The most recent painting in the show at Transformer Station is simply titled Bat. It’s small by Schutz standards and doesn’t involve multiple viewpoints or bravura compositional feats: a woman stares out at us, with bloodshot, traumatized deep green eyes. Cutting horizontally across the face, obliterating the nose, is a curious trench, laid down physically in the paint. Wall commentary for the work reads, “It appears that the subject and the painting have both been struck by a bat.” The text also says that the work shows “a woman,” but I don’t know. The figure is bald, with cracks and (I think) rivets in the skull and longish brown hair scrubbed down to the shoulders. The mouth is a cartoon-style grimace, with lots of teeth. Frankenstein’s monster comes to mind, and I’m reminded of Picasso’s very last known self-portrait, where he looks old and worn-out, shell-shocked by long life and, perhaps, endless self-regarding, brutalized by age added to the mirrors of fame and the reverb of fame’s sometimes ugly feedback. It’s not a pretty picture, and neither is this one, but both are powerful and say something true, even if it’s not the only truth.
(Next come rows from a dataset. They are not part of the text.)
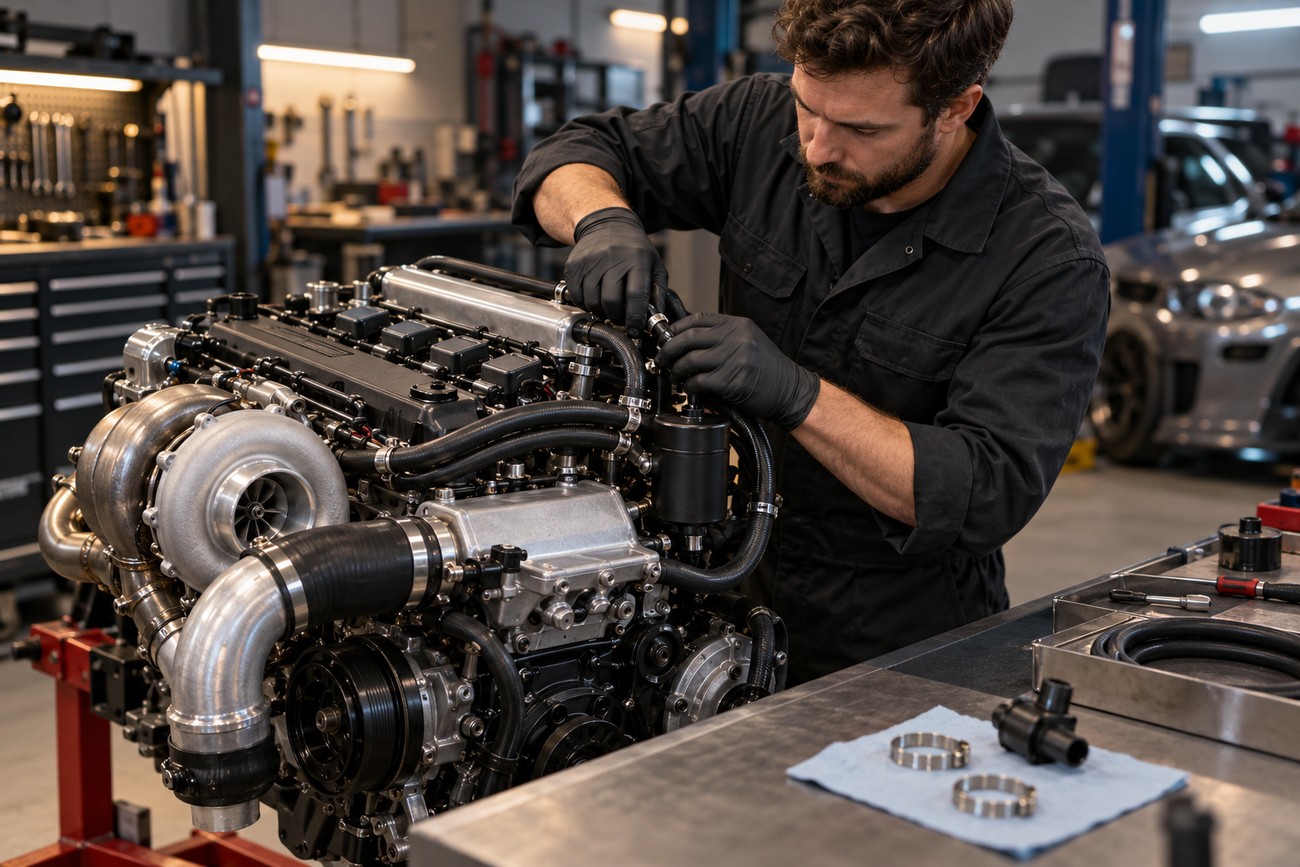 Mechanic wearing black gloves working on the PCV valve and hoses of a car engine in a workshop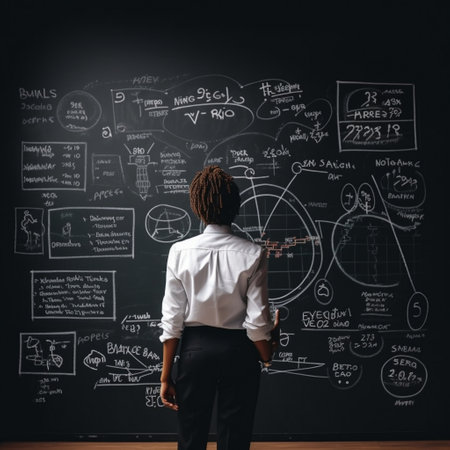 This image features a person standing in front of a chalkboard filled with financial formulas and equations, representing the idea of financial education and learning. The person represents the human aspect of financial education, while the chalkboard filled with financial formulas and equations represents the theoretical and practical aspects of financial management. The combination of these elements creates a sense of the importance of financial education and the application of financial theory in modern-day finance.の素材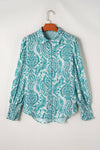 Paisley Smocked Button Up Blouse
Both Dana and staff at Transformer Station tell stories about how this painting was still very wet when it got to the museum, requiring some touch-up work as opening night loomed. The truth of this is borne out by a neat little white fence that has been installed on the floor in front of it, meant to keep visitors safe from the painting, rather than the other way around. Maybe they should all have little fences, given the tendency of Schutz paintings to rampage and transgress. Cleveland is very fortunate to have this show, at this moment in the artist’s life and career. The Livonia, Michigan, native spent five years here. Her affection for the city, and for its art and arts community, is a gift of great value.
Dana Schutz: Eating Atom Bombs is on view at Transformer Station January 20 through April 15, 2018. Transformer Station is at 1460 West 29 Street, Cleveland.